With great enthusiasm, I gathered the team to discuss the finding. It is not entirely accurate that we were doing no problem solving at our plant, but it was not a top five focus. Our unwritten priorities were:
- restoring flow by excelling at emergency work
- cost control, overtime, and headcount reduction
- production requests (whatever they may be)
- leadership requests (whatever they may be)
- planned work completion (example: PM compliance)
- condition monitoring
- root cause problem solving
The hours dedicated to each of these priorities dramatically decreased the further on the list you progressed. Reading page 220 and this priority listing made our problem and solution obvious.
With this new knowledge, our leadership made strategic changes to greatly increase our priority on root cause and condition monitoring.
- We created OEE Teams (overall equipment effectiveness) in each major area. These groups focused on solving historical problems and trends with data.
- Engineering was reorganized to create two full-time reliability engineers.
- We increased the size of our condition monitoring team immediately from 2 to 4 and later to 6 and finally 8. These were highly skilled and high motivated technicians already thinking about root cause through early detection of defects. Further, these resources were not allowed to be pulled into emergency work without plant manager approval. Observation revealed they were only spending 30% of their time on planned condition monitoring work.
- We separated work crews into planned and unplanned work teams.
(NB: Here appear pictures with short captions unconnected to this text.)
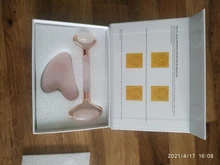 Rodillo de Jade de cuarzo rosa para masaje Facial, masajeador adelgazante Facial, piedra de Jade Natural, conjunto de belleza para el cuidado de la piel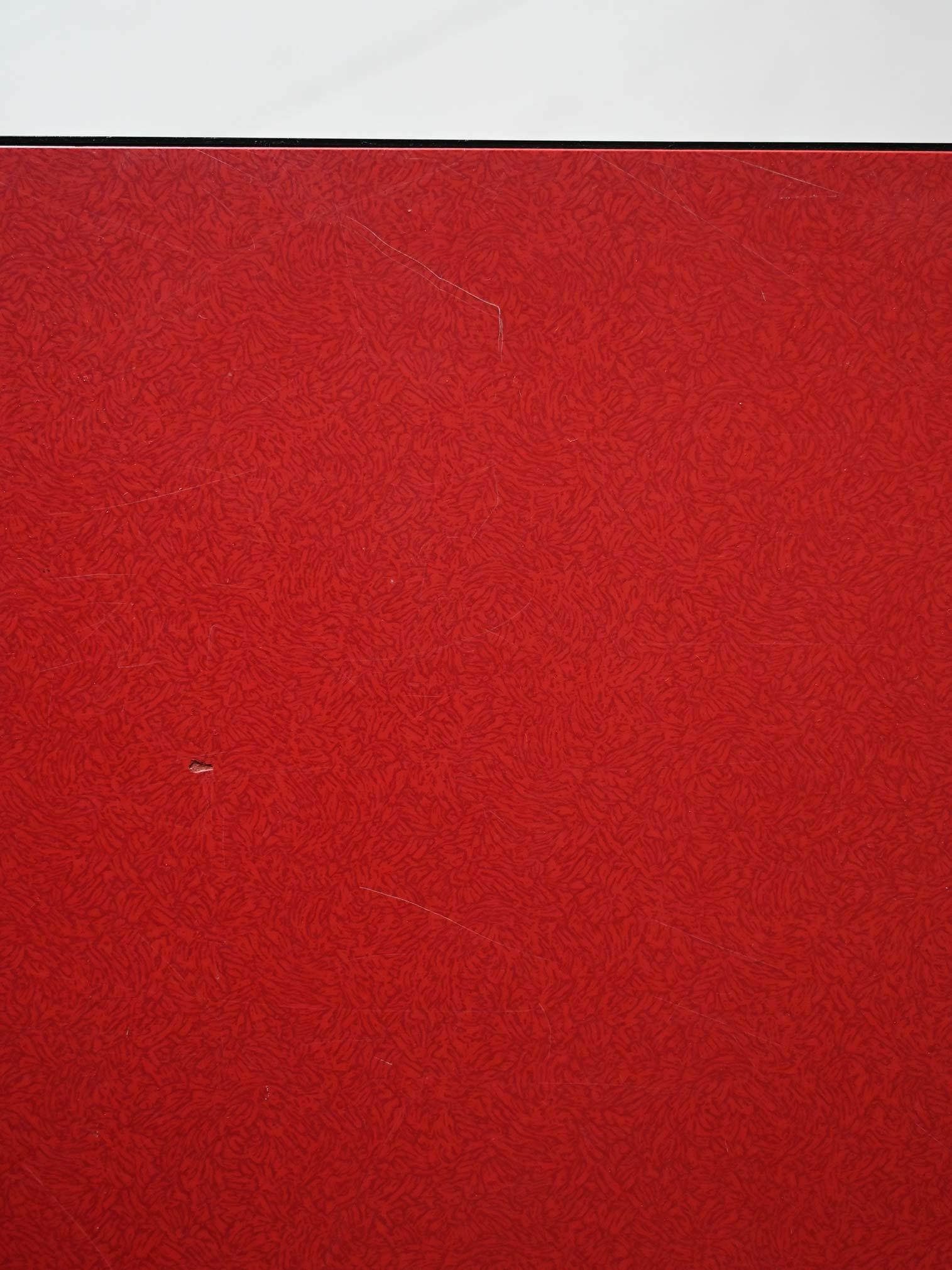 Scandinavian 1960s dining table with red formica top For Sale 1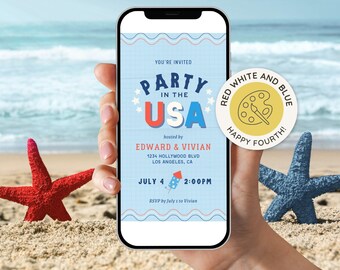 4th of July Invitation, Party in USA, BBQ Party (Digital Download)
These planned teams were able to focus not only on completing the planned work, but on how to improve equipment maintenance plans and work efficiency.
- We created a recognition system for technicians who offered improvement ideas. This ranged from celebration meals to gift cards to handwritten cards to employees’ homes detailing the impact of their ideas and skills. The latter was a massive motivator.
Note: These changes were made without adding headcount and spending dollars.
Within few months our results were quietly beginning to materialize. We went from 500 unplanned work orders a week to 400, then 300 and even down to 200. Everyone knew something was different. We moved from a weekly crisis to biweekly and then monthly. Within a year every department realized giant leaps in performance with the bottleneck asset improving from 37% uptime to 78% (that is an improvement of 111%). Plantwide costs dropped by 42% in year three. Employee engagement catapulted from 37% to 89%, which was the highest in the company. Safety also improved due to marked decrease in unplanned work. (Note: Due to the continuous process of smelting aluminum, no production volume improvement was possible.)
Actions you can take on Monday
- Buy Ron Moore’s book. Read and understand page 220.
- Assemble your leadership team and have a candid discussion about the priorities in your plant.
i. Are the daily actions of the team aligned with a category 4 plant? Use data from the last month to prove your case. (Note: I do not recommend a progression through category 1, 2, then 3 plants. This will take too much time and sponsorship will be lost.)
ii. Do you have a problem-solving system that involves everyone?
iii. Excuse 1: Are you waiting to get caught up on unplanned work to progress to a category 4 plant? Take it from me, this will never happen without planned work and problem solving. Start now.
iv. Excuse 2: Are you waiting for get fully staffed to begin your transformation to a category 4 plant? Again, this will never happen. Start now.
v. Excuse 3: Money – what actions can you take with zero investment? - Make the necessary changes.